Based on these factors, the system might guess that the object is an automobile. However, this could be a dangerous assumption. The system may panic if the motorcycle is lane-spitting near the autonomous vehicle. The vehicle may see the fast-approaching object, and assume that a rear-end collision will take place unless it abruptly changes lanes.

Besides the initial questions listed above, the system needs to consider the shape of the object, and a more granular analysis of the object’s path. These questions might include:

Does the vehicle’s shape look like an truck, car, or motorcycle? It looks like a motorcycle.
Does the motorcycle appear to be lane-splitting? If yes, the likelihood this is a motorcycle increases.

Based on this enhanced profile of the motorcycle, the system can predict a possible lane-splitting scenario without an erroneous response.

Divide and conquer — massively decrease training time with cluster computing

It turns out image identification is complex. Machines need massive graphics processing capability in order to identify and subsequently train the system for proper object identification. In the below chart (Figure 1), DeepScale has come up with a cluster-computing method that does not negatively impact the accuracy rates, while significantly reducing the training time over a single GPU unit. Training using cluster-computing can reduce training time from weeks to hours.

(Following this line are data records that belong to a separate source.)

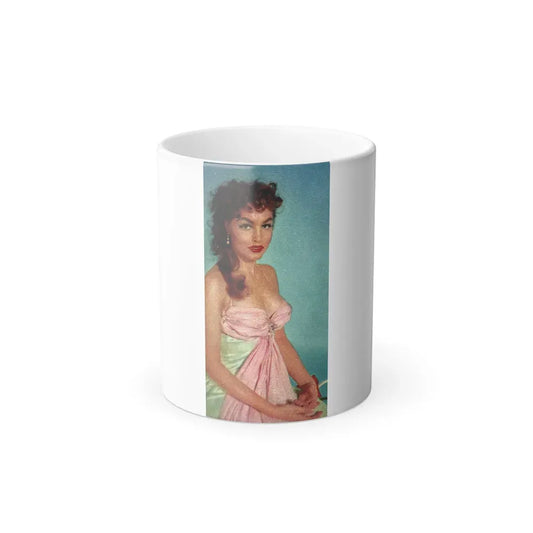 Julie Newmar #502 - [Pages 10] Pages 3 of 4 with, Julie 1 Small Cropped Color Photo from Nugget Magazine July '57 (Vintage Female Icon) Color Changing Coffee Mug 11oz - Go Mug Yourself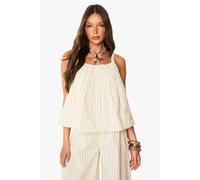 boohoo Women's Stripe Linen Look Smock Cami in Ecru | Size: 12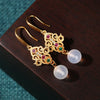 Gold-Plated Ruyi Drop Earrings with Natural Chalcedony Bead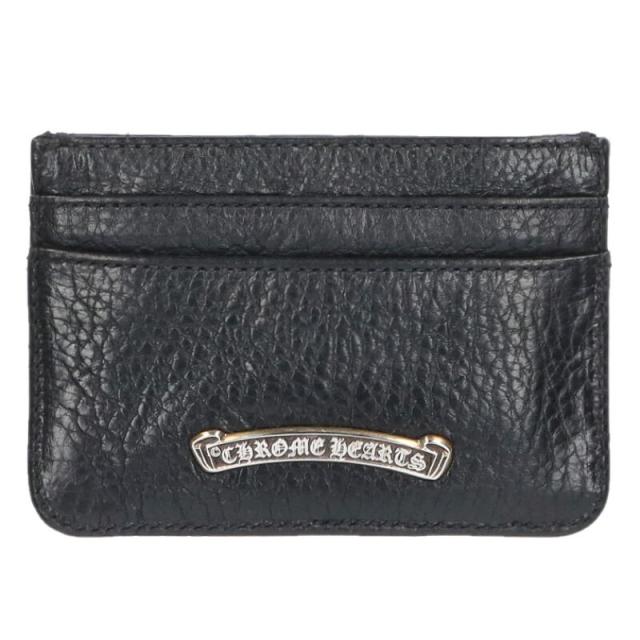クロムハーツ   DOUBLE SIDE ダブルサイド スクロールラベル付レザーカードケース 中古 SJ02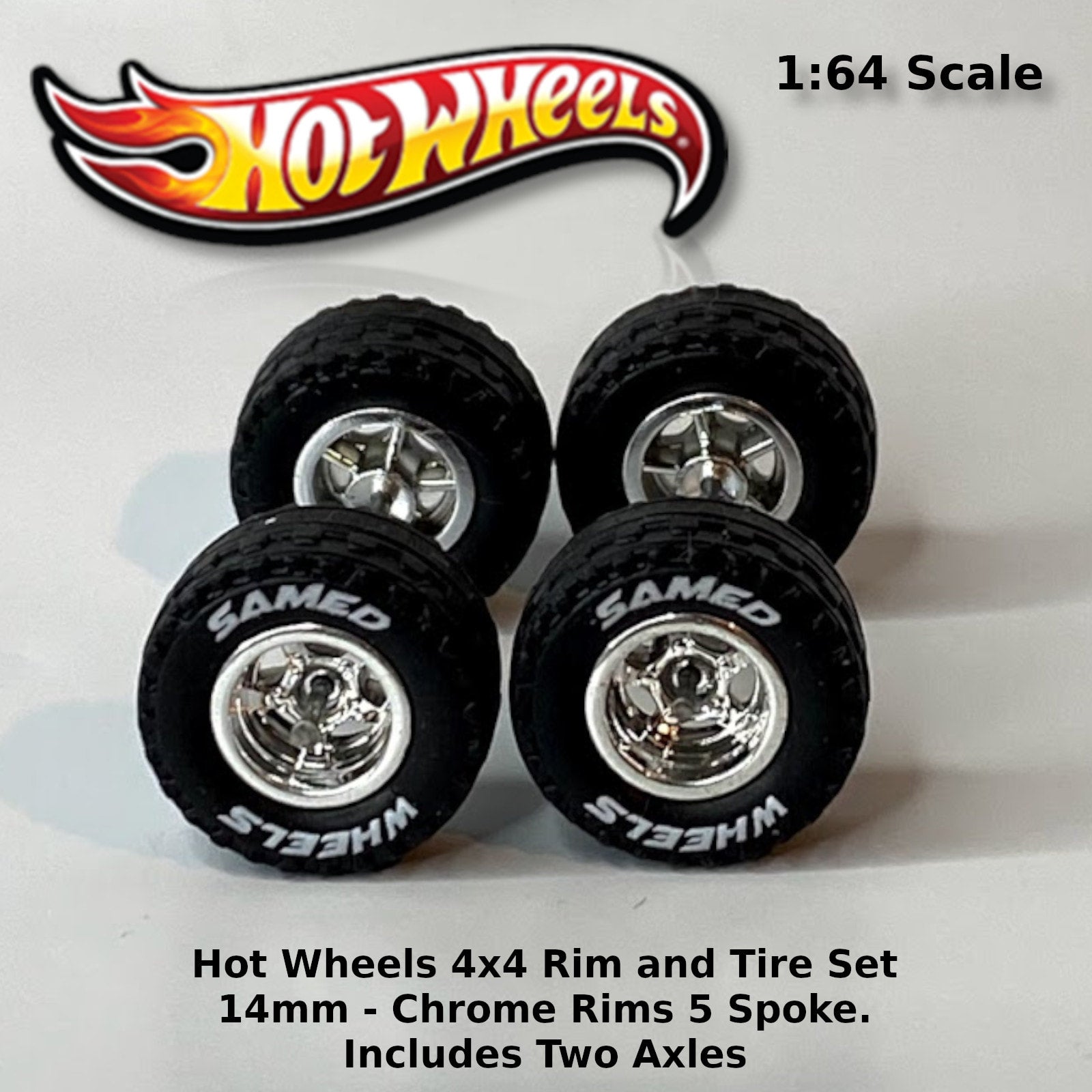 Hot Wheels 14mm 4x4 Truck Tire Sets Chrome spoke Collectable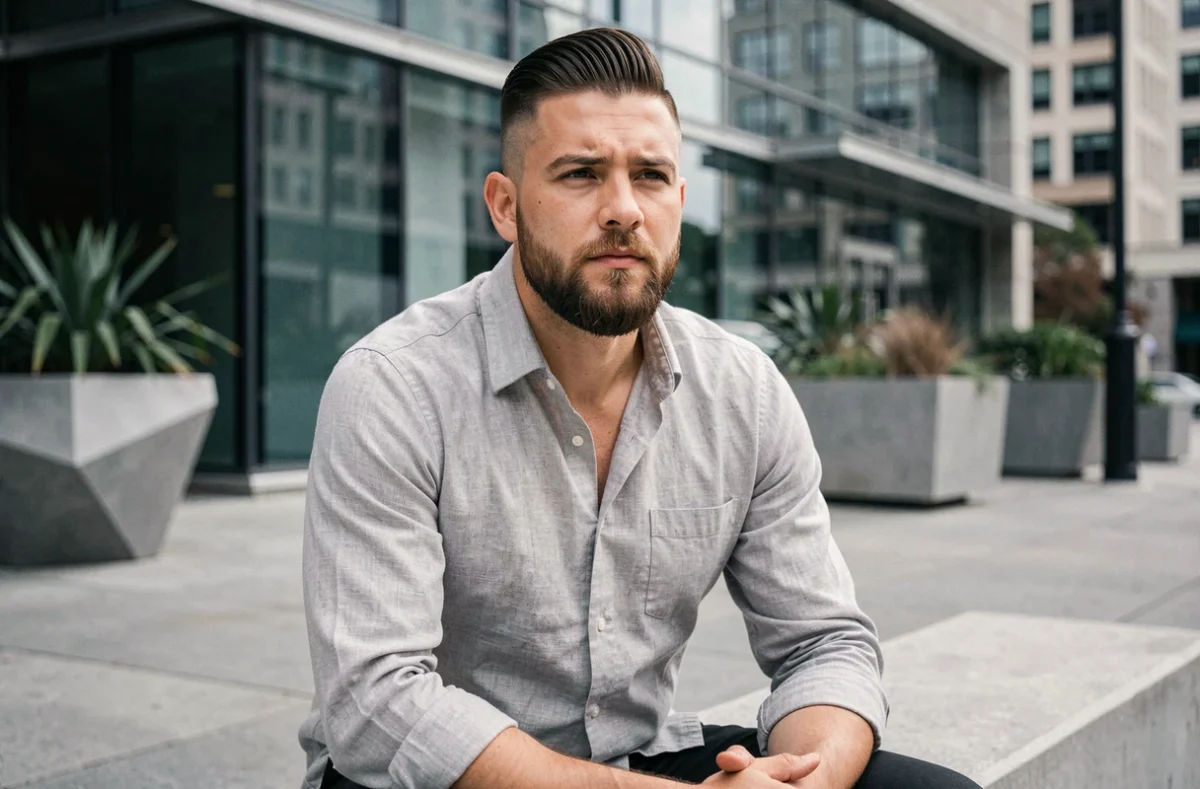 Jeune homme en extérieur urbain arborant une coupe taper fade haute et une barbe soignée, assis décontracté avec un immeuble moderne en arrière-plan flou
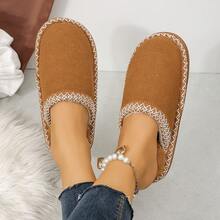 女款冬季居家拖鞋 萬聖節骷髏手指刺繡印花拖鞋 中性款加厚情侶拖鞋 - 黃色 - 查看 3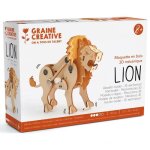 Maquette 3d m�canique en bois - lion - g�n�rique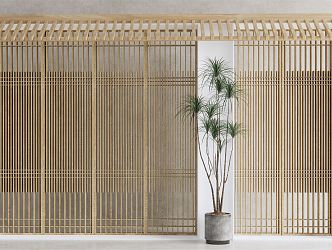 Japanese-style sliding door grille door 3d model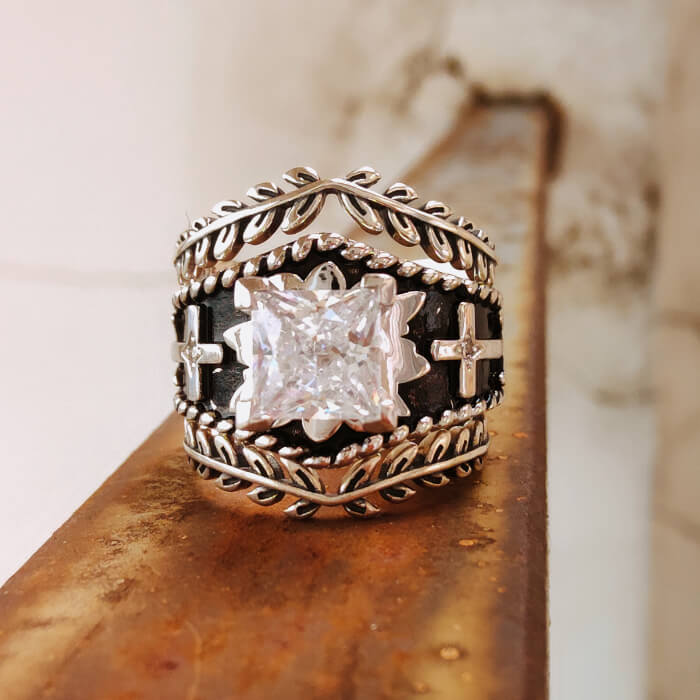 3PC Western Cross Ring Set  with Vintage Silver Bands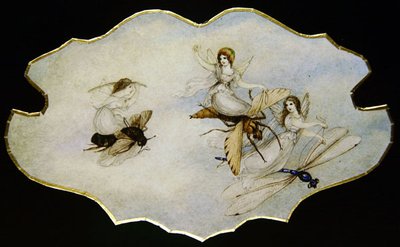 الجنيات تلعب على الحشرات حوالي 1860 (ألوان مائية وقلم رصاص على ورق) بواسطة أميليا جين موراي
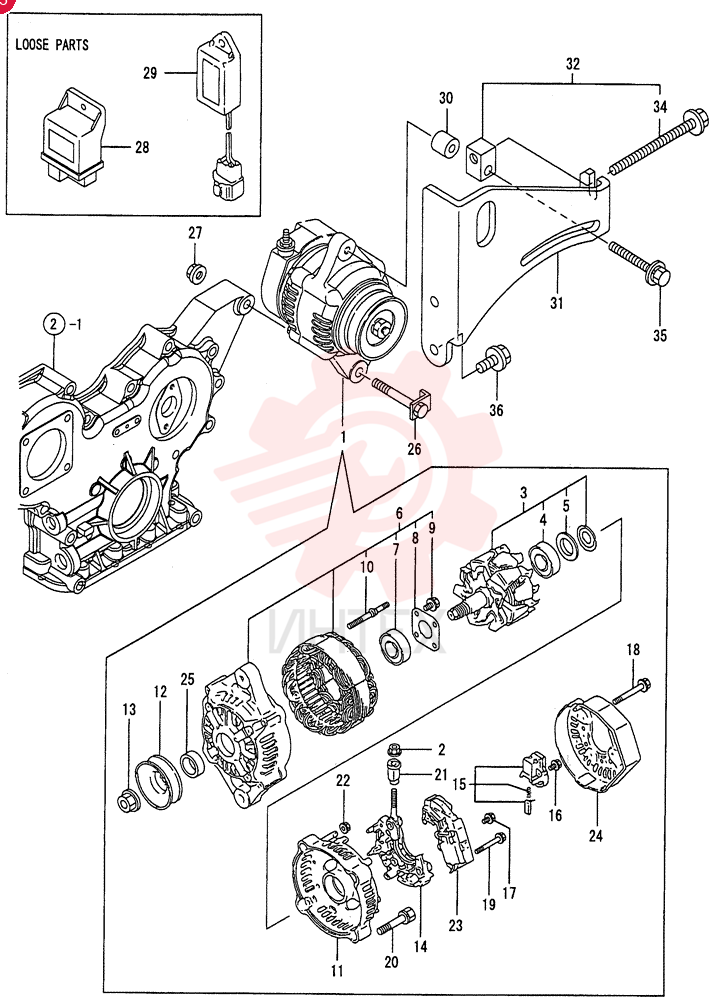 ALTERNATOR,12V, 55 Amp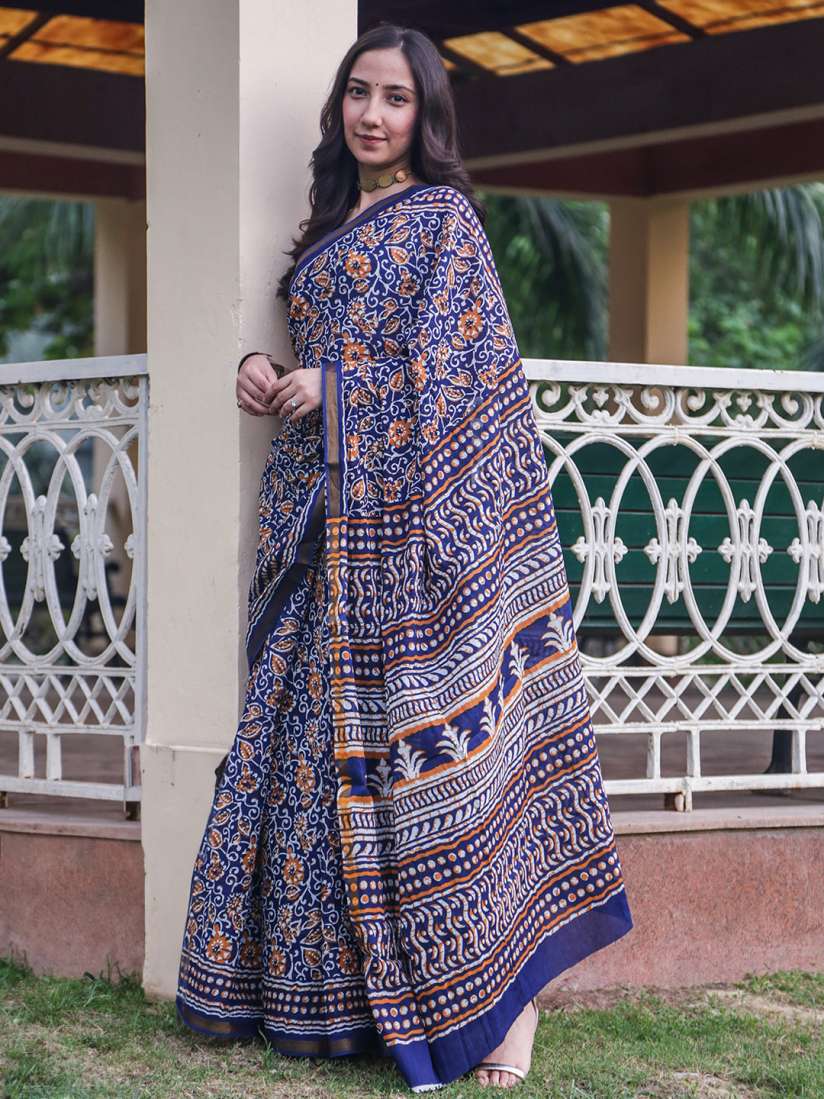 Buy Libas Floral Printed Pure Cotton Saree Sarees for Women 23602620 Myntra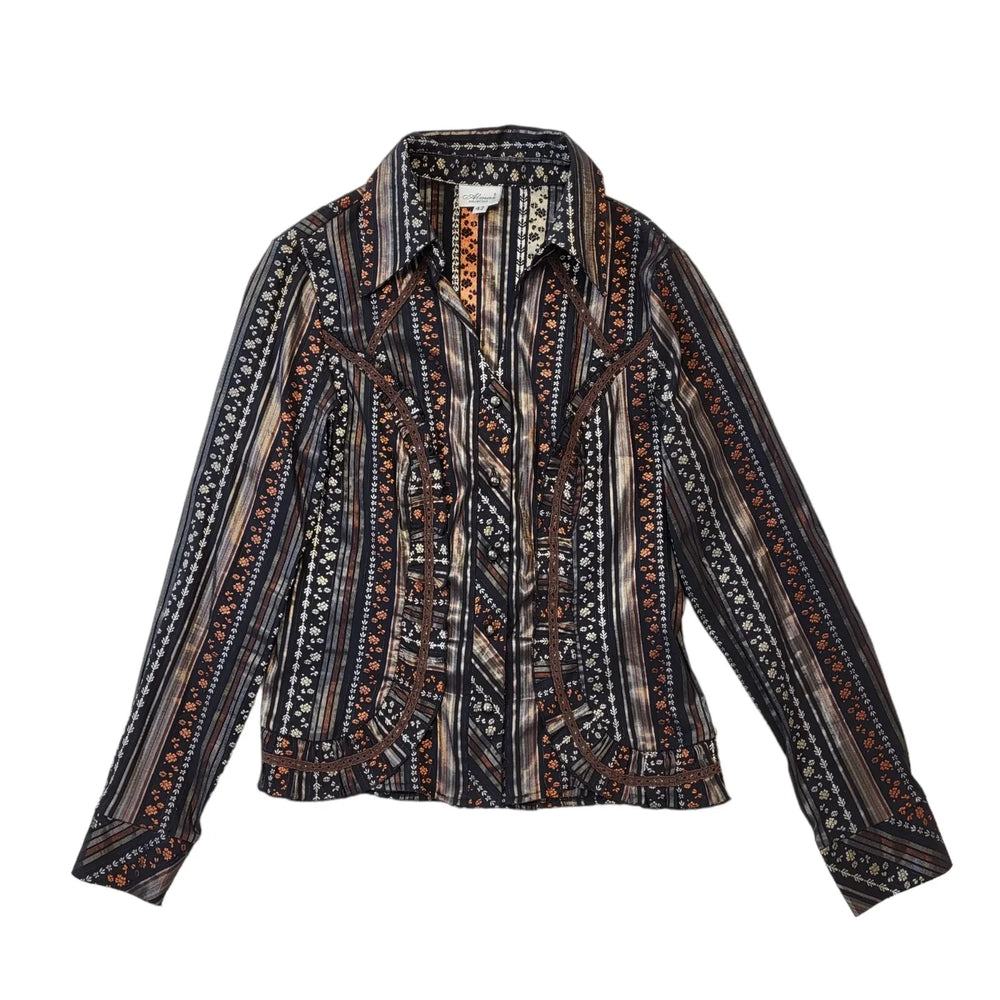 Almax Y2K Vintage Black & Brown Retro Floral Button Up Blouse Women's 14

Figure 1: clustered computing provides a massive reduction in processing time for image recognition training

Quality over quantity for parameters

Consider the game Jenga. One way to view the object of the game is to maintain the building’s height, while minimizing the number of blocks needed for structural integrity. In order to achieve this goal, you could remove seemingly extraneous blocks one at a time. If you pull the wrong block, the building collapses.

To improve results, you could rebuild the structure and try again. Over time, you would get better at determining which blocks are safe to remove.

In a similar vein, DeepScale setup an experiment to see if they could reduce parameters while maintaining the accuracy of a model. They pruned sets of parameters and measured the accuracy of the model before and after. If the model’s accuracy was unaffected, they would consider leaving the removed variables out of the model. If the accuracy took a hit, they worked to identify which of the removed variables correlated with the deterioration in accuracy. After optimizing the variables, they discovered two important trends:

After a model hit a certain number of variables the accuracy rates reached a saturation point.
They could carefully remove a high percentage of variables with a minimal loss of accuracy.

Figure 2: Limited accuracy improvement despite larger model size

The end result is they were able to build small but accurate models. These smaller models are particular valuable for real-time image recognition solutions using convolutional neural networks (CNNs).

Figure 3: Model size without degradation in accuracy

As you can see by the above chart (Figure 3), DeepScale is achieving their small model size without a need for compression.

Why smaller is better, sometimes

An image evaluation requires millions of floating point operations, making their deployment on an automobile’s on-board computers problematic. Using a small model can exponentially reduces the computational requirements for the on-board computer. A further benefit of a smaller model, especially ones that do not require compression, is they are faster and less expensive to deploy and update.

More variables can take us only so far

As better sensors, faster graphic processing units (GPUs) and better models are introduced, image accuracy rates will continue to improve. Haphazardly throwing more variables at the problem is not the answer though. In the case of autonomous vehicles, variable overload is unnecessary and detrimental. For image identification models, enhancing and identifying variables which serve as signal, while removing those that are noise, is valuable for maximizing computational processing efficiency and accelerating learning.

Even in the field of big data, ingenuity trumps brute force.